[Scraped caption text data]

------------------------------

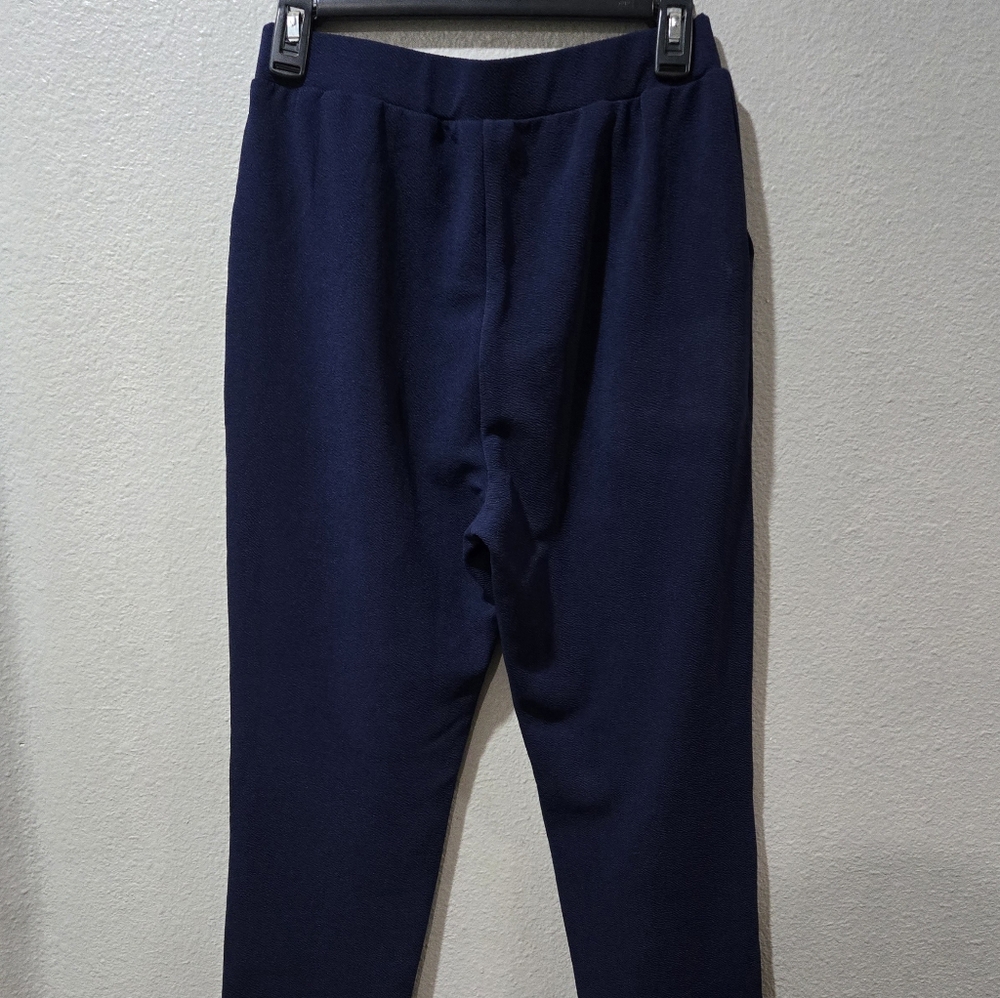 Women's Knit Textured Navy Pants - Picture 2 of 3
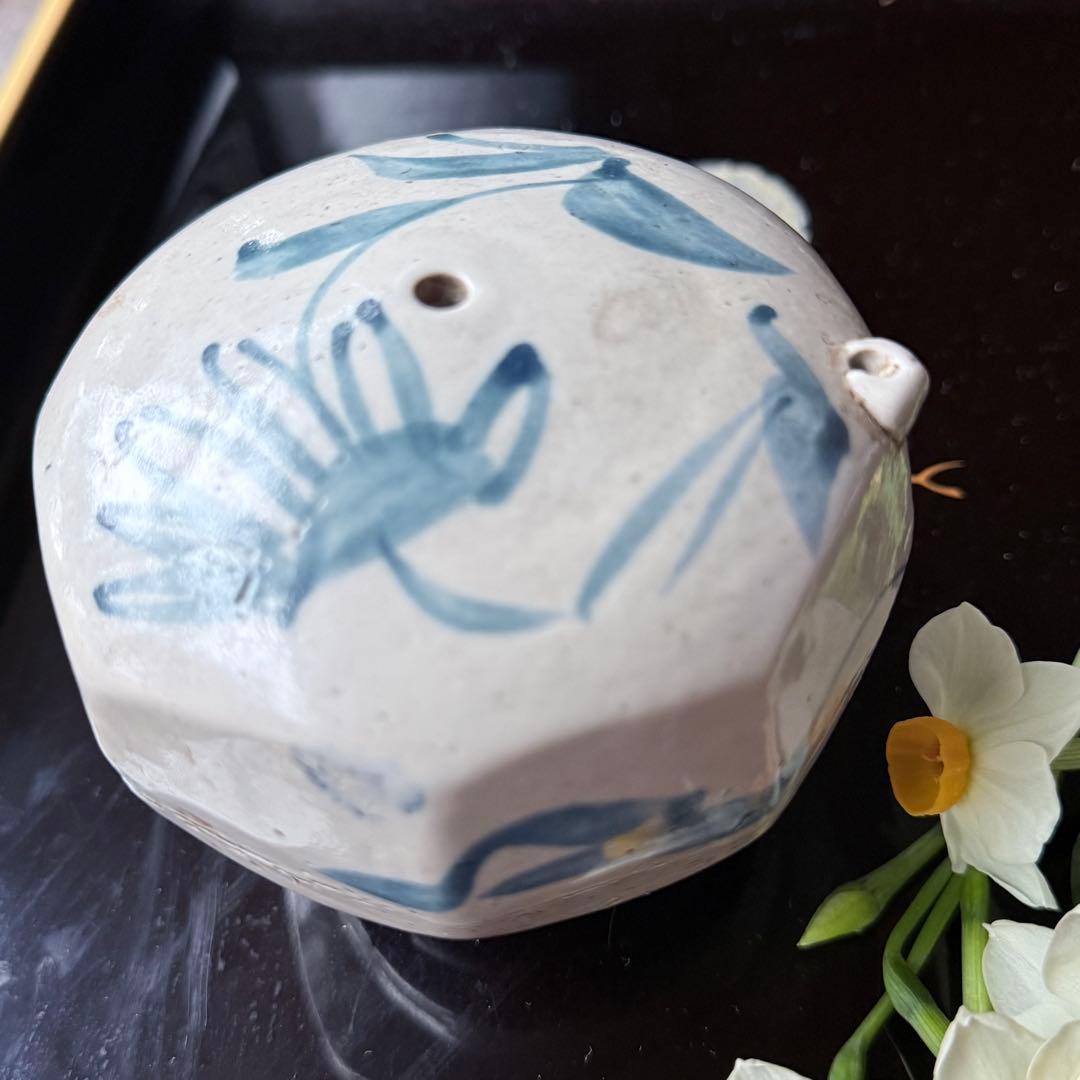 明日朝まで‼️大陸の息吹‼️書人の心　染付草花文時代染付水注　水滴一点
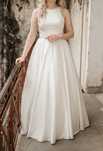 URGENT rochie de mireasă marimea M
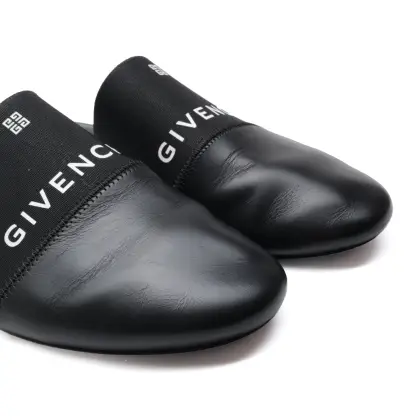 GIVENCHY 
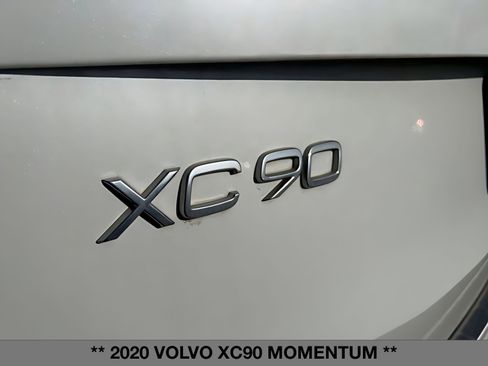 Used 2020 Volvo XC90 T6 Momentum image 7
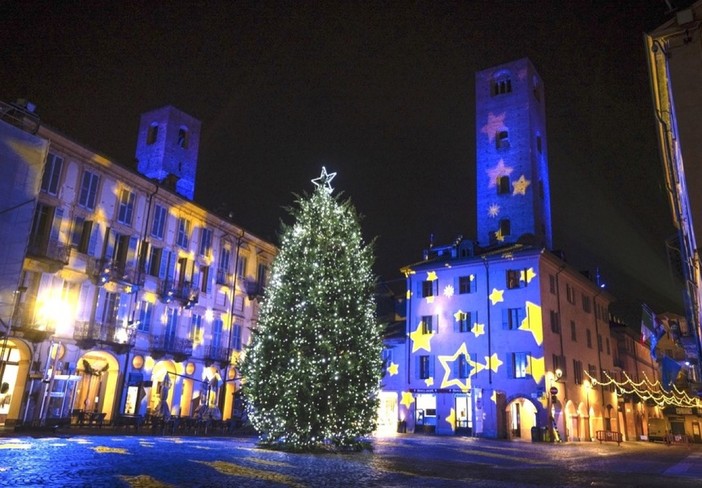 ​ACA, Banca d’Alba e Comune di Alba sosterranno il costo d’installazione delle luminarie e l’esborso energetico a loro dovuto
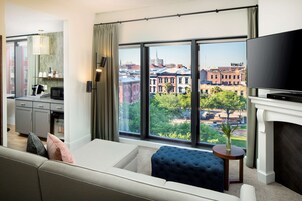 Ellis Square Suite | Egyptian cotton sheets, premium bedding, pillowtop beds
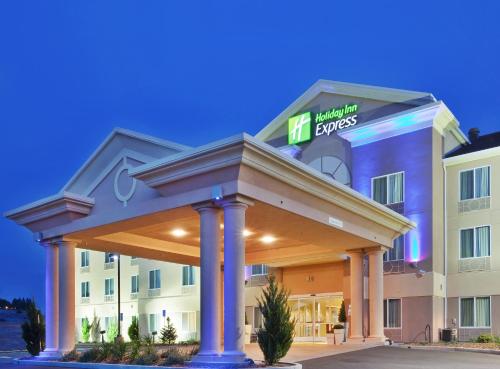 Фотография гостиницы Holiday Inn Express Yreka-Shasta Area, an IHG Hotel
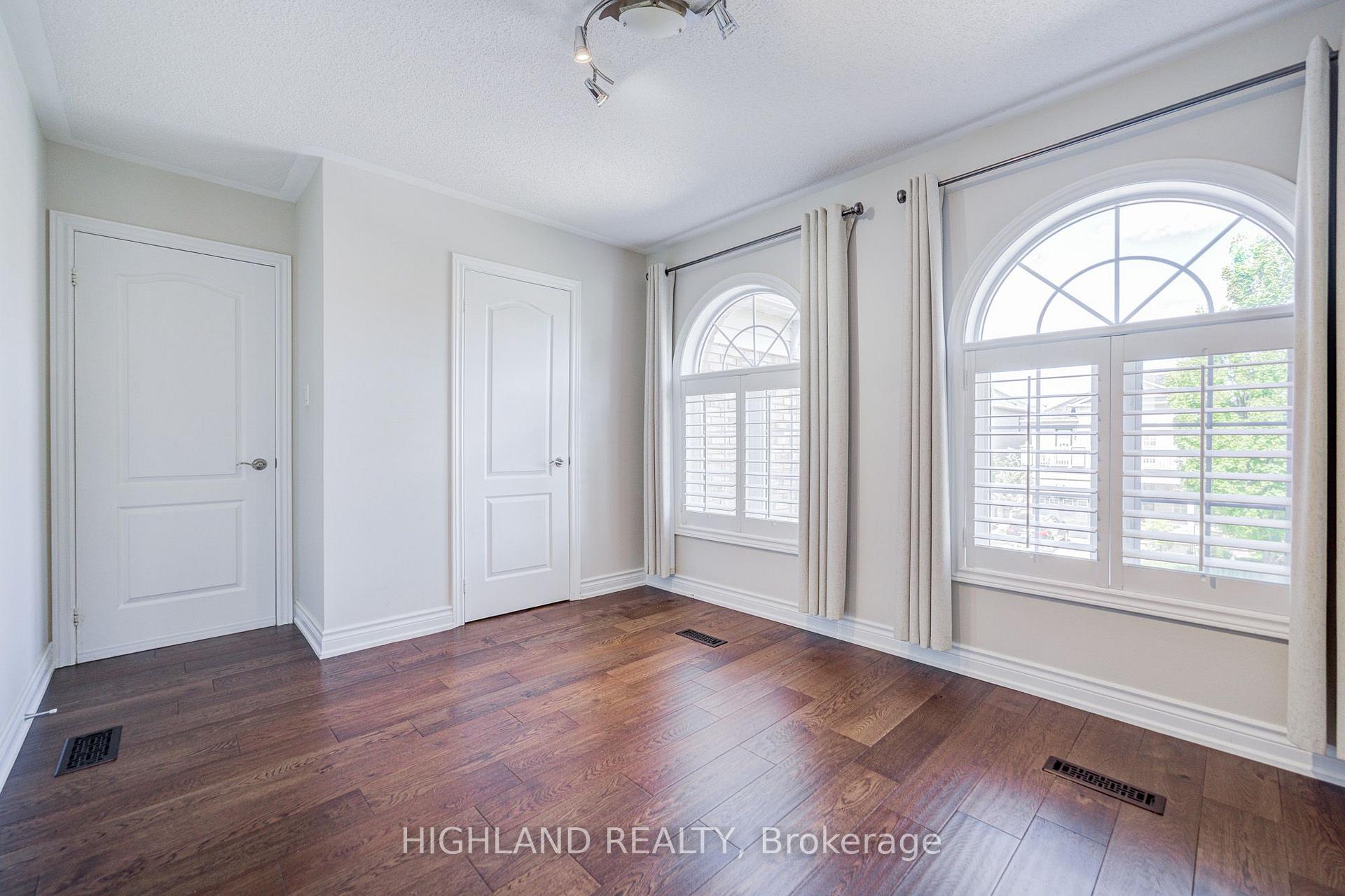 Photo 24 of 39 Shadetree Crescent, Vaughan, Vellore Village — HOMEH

------------------------------

Aim of the exercise
Please set down only the lines from the first line of the records above through the line that has "a loro dovuto", exactly, and not the pictures.

Finished task
 Women's Knit Textured Navy Pants - Picture 2 of 3
 明日朝まで‼️大陸の息吹‼️書人の心　染付草花文時代染付水注　水滴一点
 URGENT rochie de mireasă marimea M
 GIVENCHY 
 Used 2020 Volvo XC90 T6 Momentum image 7
 ​ACA, Banca d’Alba e Comune di Alba sosterranno il costo d’installazione delle luminarie e l’esborso energetico a loro dovuto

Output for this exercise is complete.